Models Monday: Charles “Teenie” Harris Exhibit

Waitress at the Crawford Grill 1952
Waitress at the Crawford Grill, 1952. Charles “Teenie” Harris

The above photograph by Charles “Teenie” Harris was one of the many from his extensive collection that distinguished scholar Deborah Willis discussed at the  Atlanta University Center Robert Woodruff library on January 31. The Carnegie Museum of Art houses the Harris archive and can be accessed on-line. If you’re not in the Atlanta area and won’t be able to experience the exhibit at the Woodruff library, then I highly recommend searching the on-line archive as another way to engage Harris’s work. Doing so is well worth your time.

One of the things that I like about Harris’s work is that it recognizes broadly articulated expressions of beauty in black life and culture. In the photograph above, Harris focuses on the waitress, who is certainly a beautiful woman, in a clean, crisp uniform–but a uniform nonetheless, taking time out from her work to smile for the camera. Harris’s choice of subject is interesting given the elegantly dressed woman in the background who is privileged enough to at least not be working in that moment and dressed so as to be camera ready; she even seems to admire the waitress.

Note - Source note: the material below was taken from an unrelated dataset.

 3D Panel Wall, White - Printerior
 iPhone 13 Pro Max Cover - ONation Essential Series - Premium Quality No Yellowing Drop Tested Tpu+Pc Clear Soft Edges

The photograph of the waitress at the Crawford Grill reminds me of the photographs of my family that I enjoyed as a child. At the time, I didn’t understand that I was looking at working class people whose lives the larger culture discounted and thought devoid of beauty. I didn’t know then that their working class experiences were supposed to place them outside the frame of even my interest. I remember admiring the beauty and elegance of the sitters and wishing that I could possess such charm. The Harris photograph makes the issue of class a more overt concern than the way I understood it at the time and challenges the broader view that beauty can only be an elite affair.